§ **DATA EXTRACT**:
════

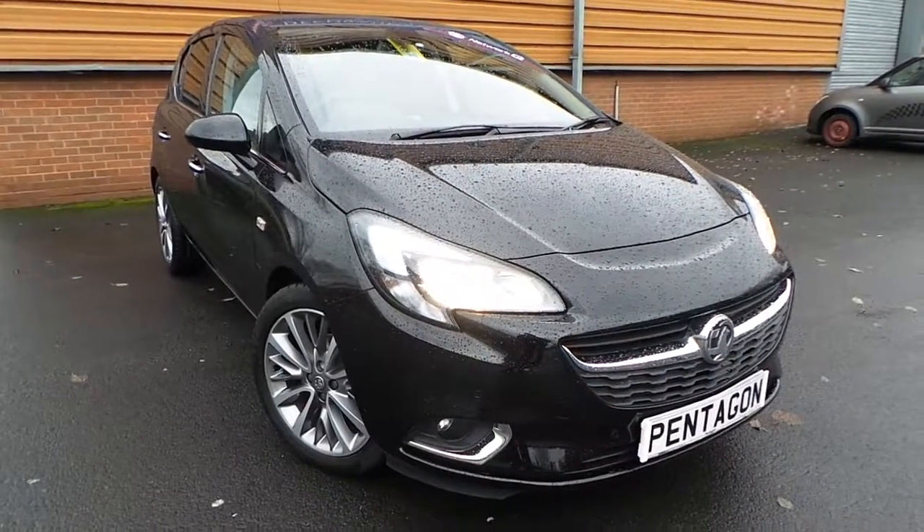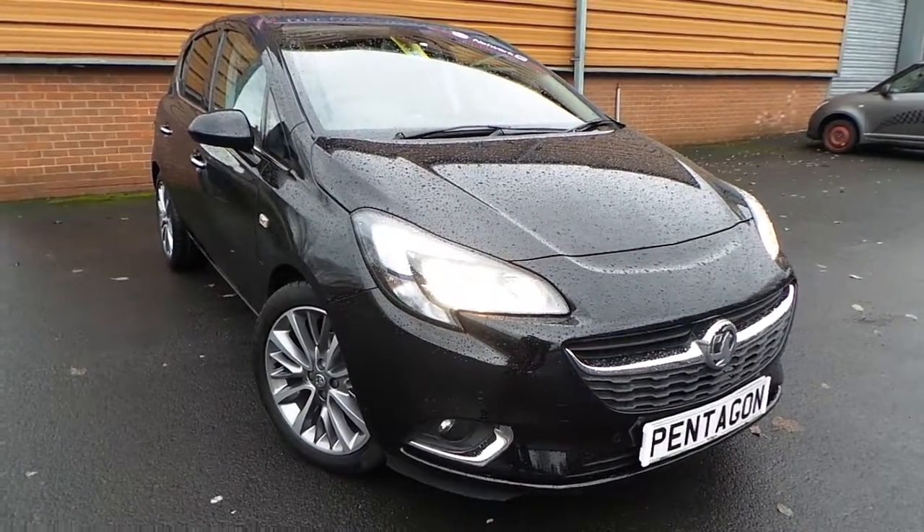Welcome to this vehicle presentation here at the Pentagon Vauxhall in Eccles.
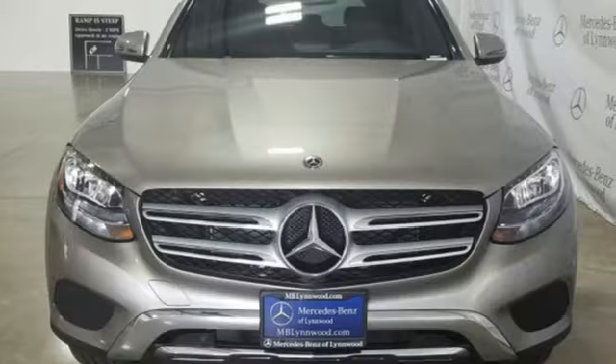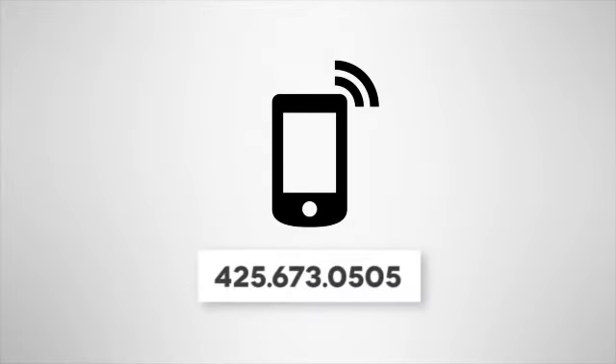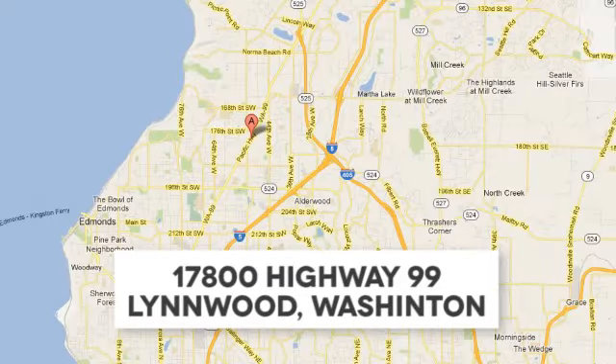Mercedes-Benz, an elevation of innovation. Hurry in today for a test drive. Call us at 425-673-0505. Online at mblinwood.com. Or stop in and visit at 17080 Highway 99.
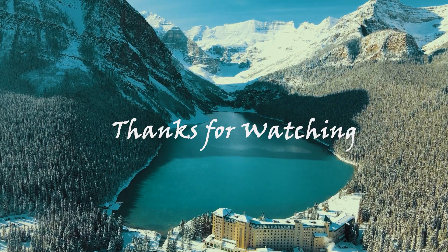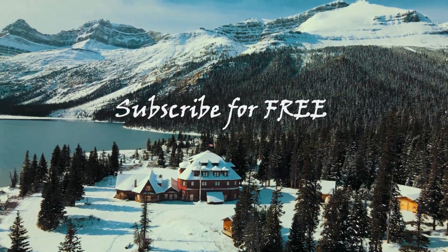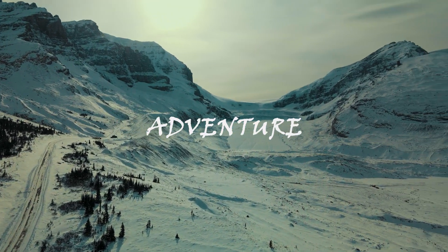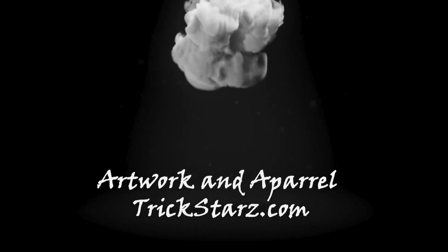Thanks for watching, guys. I really appreciate you. We're almost at 500 subscribers — that's insane. This summer is going to be awesome. I've got so much planned: we're going to be on the water, up in the mountains, going all kinds of places, and these little guys are coming with me. Please subscribe and comment below with video ideas. Visit my website Trickstars.com — the links are in the description — for shirts, artwork, and prints. Maybe one day I'll release some dog content too. Anyways, thank you so much for watching. Winston, Daisy, and I will see you in the next video.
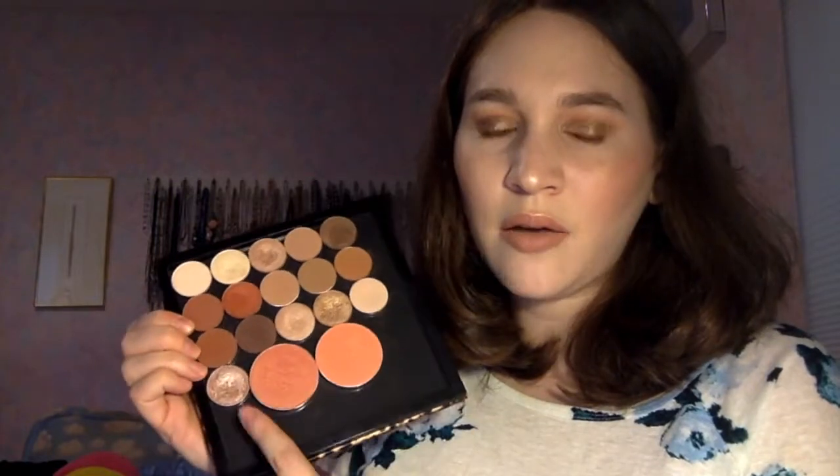I didn't bring Makeup Geek or ColourPop this time. I decided to bring my other two brands of single shadows — so I'm bringing MAC and Anastasia Beverly Hills eyeshadows with me. The first row is all MAC. Then the rest are all Anastasia Beverly Hills — seven shadows total. And then the last two are just ColourPop Firefly, because that's like my favorite transition shade ever so I just bring it everywhere, and Makeup Geek Starry Eyed.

════

§ **WHAT TO WORK ON**:
Begin at the top of the material above and output each line exactly, stopping after the line that holds "Mercedes-Benz, an elevation". Leave out pictures.

§ **ANSWER BELOW**:
Welcome to this vehicle presentation here at the Pentagon Vauxhall in Eccles.
Mercedes-Benz, an elevation of innovation. Hurry in today for a test drive. Call us at 425-673-0505. Online at mblinwood.com. Or stop in and visit at 17080 Highway 99.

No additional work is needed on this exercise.